A novel interpretable model ensemble multivariate fast iterative filtering and temporal fusion transform for carbon price forecasting

Abstract

The accurate forecasts of carbon prices can help policymakers and enterprises further understand the laws of carbon price fluctuations and formulate related policies and investment strategies. Nowadays, many carbon price prediction models have been proposed. However, some models ignore the time–frequency relationship when considering exogenous variables and fail to measure their importance to the forecasting results, leading to unsatisfactory results. Therefore, this study proposes a novel hybrid model for carbon price forecasting on the basis of advanced multidimensional time series decomposition techniques and interpretable multifactor models.
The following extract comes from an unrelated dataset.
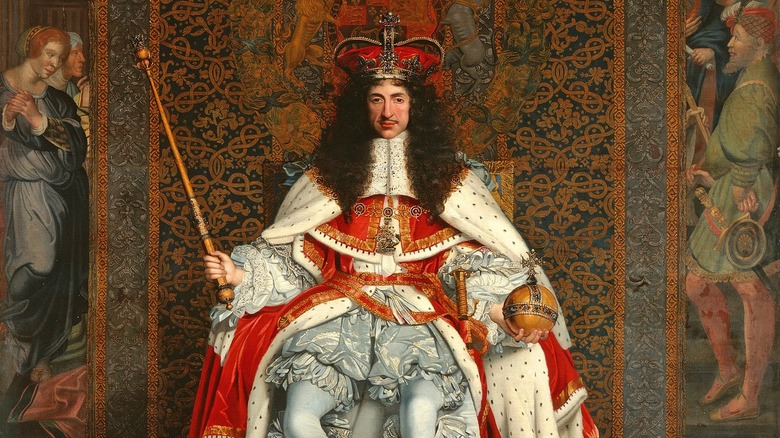 Coronation portrait of Charles II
In the proposed model, multivariate fast iterative filtering is used to decompose carbon price and its exogenous variable sequence into several intrinsic mode functions, which can overcome the nonlinearity and nonstationarity of carbon prices and obtain their intrinsic characteristics. Meanwhile, temporal fusion transform (TFT) is used to interpret predictions for multivariate time series. TFT is a new attention-based deep learning model combining high-performance multihorizon prediction and interpretability and can adaptively select the optimal features for carbon price prediction. Five carbon markets in Guangdong, Beijing, Shanghai, Hubei, and Shenzhen are selected for experimental studies. Empirical results indicate that the proposed model outperforms the compared benchmark models in all performance metrics. In the interpretable output of TFT, the prediction of the high-frequency part requires the participation of exogenous variables and has a long time dependence; for the middle and low-frequency part, only using the carbon price itself and a short time step can lead to good results. This finding can inform future research on carbon price forecasting and help policymakers.